In [1]:
import pandas as pd
import numpy as np
import glob

In [2]:
fields = ['nom_dept', 'nom_poll', 'unite', 'valeur']

In [3]:
# Auvergne-Rhone Alpes
path = 'aura' # use your path
all_files = glob.glob(path + "/*.csv")

li = []

for filename in all_files:
    df = pd.read_csv(filename, index_col=None, header=0, usecols=fields)
    li.append(df)


aura_df = pd.concat(li, axis=0, ignore_index=True, sort=True)
aura_df.sample(5)

Unnamed: 0,nom_dept,nom_poll,unite,valeur
266,Rhône,Particules PM10,µg/m3,20.6
120,Savoie,Monoxyde d'azote,µg/m3,3.0
67,Puy-de-Dôme,Monoxyde d'azote,µg/m3,31.0
132,Haute-Savoie,Monoxyde d'azote,µg/m3,
3,Loire,Oxydes d'azote,µg/m3,8.0


In [4]:
# Paris Ile de France
path = 'idf' # use your path
all_files = glob.glob(path + "/*.csv")

li = []

for filename in all_files:
    df = pd.read_csv(filename, index_col=None, header=0, usecols=fields)
    li.append(df)

idf_df = pd.concat(li, axis=0, ignore_index=True, sort=True)
idf_df.sample(5)

Unnamed: 0,nom_dept,nom_poll,unite,valeur
50,YVELINES,O3,ug.m-3,48.0
208,PARIS,PM2.5,ug.m-3,18.2
214,YVELINES,PM2.5,ug.m-3,11.8
143,SEINE-SAINT-DENIS,PM10,ug.m-3,42.4
79,SEINE-ET-MARNE,O3,ug.m-3,46.0


In [5]:
# Grand est
est_df = pd.read_csv('mes_atmo_grand_est_annuel_poll_princ.csv', index_col=None, header=0, usecols=fields)
est_df.sample(5)

Unnamed: 0,nom_dept,nom_poll,valeur,unite
1802,Haut-Rhin,Dioxyde d'azote,28.0,µg/m3
2384,Moselle,Particules PM10,,µg/m3
2555,Bas-Rhin,,,µg/m3
2217,Marne,Oxydes d'azote,,µg/m3
2132,Bas-Rhin,,,µg/m3


In [6]:
# Haut de France
hdf_df = pd.read_csv('mes_hdf_annuel_poll_princ.csv', index_col=None, header=0, usecols=fields)
hdf_df.sample(5)

Unnamed: 0,nom_dept,nom_poll,valeur,unite
193,OISE,Particules PM10,18.8,ug.m-3
234,NORD,Benzène,0.63,ug.m-3
789,NORD,Particules fines PM2.5,,ug.m-3
707,NORD,Ozone,,ug.m-3
464,NORD,Particules PM10,15.8,ug.m-3


In [7]:
# PACA
paca_df = pd.read_csv('mes_sudpaca_annuelle.csv', index_col=None, header=0, usecols=fields)
paca_df.sample(5)

Unnamed: 0,nom_dept,nom_poll,valeur,unite
729,HAUTES-ALPES,"Particules fines PM2,5",11.1,ug.m-3
545,ALPES-MARITIMES,Dioxyde d'azote,27.5,ug.m-3
651,HAUTES-ALPES,Ozone,45.0,ug.m-3
84,BOUCHES-DU-RHONE,Dioxyde de soufre,2.0,ug.m-3
496,VAUCLUSE,Ozone,64.5,ug.m-3


In [8]:
# Super merging
merged_df = pd.concat([aura_df, idf_df, est_df, hdf_df, paca_df], axis=0, ignore_index=True, sort=True)

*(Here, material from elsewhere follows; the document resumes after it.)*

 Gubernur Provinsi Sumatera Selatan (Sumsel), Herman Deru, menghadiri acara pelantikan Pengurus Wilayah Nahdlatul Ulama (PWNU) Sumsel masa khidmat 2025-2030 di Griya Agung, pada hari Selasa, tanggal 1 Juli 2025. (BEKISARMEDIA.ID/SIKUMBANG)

# We need to clean the polluant name here:
pol_cleaner = {"Dioxyde d'azote": "NO2", "Monoxyde d'azote": "NO", "Oxydes d'azote": "NO2", "Ozone": "O3", \
              "Particules PM10": "PM10", "Particules PM2,5": "PM2.5", "Particules fines PM2,5": "PM2.5", "Particules fines PM2.5": "PM2.5"}

merged_df = merged_df.replace({"nom_poll": pol_cleaner})

# Lowercase and sort by department name
merged_df['nom_dept'] = merged_df['nom_dept'].str.lower()

# Aggregate the values to have a global average over the years:
agg_df = merged_df.groupby(['nom_dept', 'nom_poll'],as_index=False).agg({'valeur': 'mean'})


# Pivot to extract the features of pollution
FR_pol_df = agg_df.pivot(index='nom_dept', columns='nom_poll', values='valeur')
FR_pol_df = FR_pol_df[['NO2', 'O3', 'PM10', 'PM2.5']]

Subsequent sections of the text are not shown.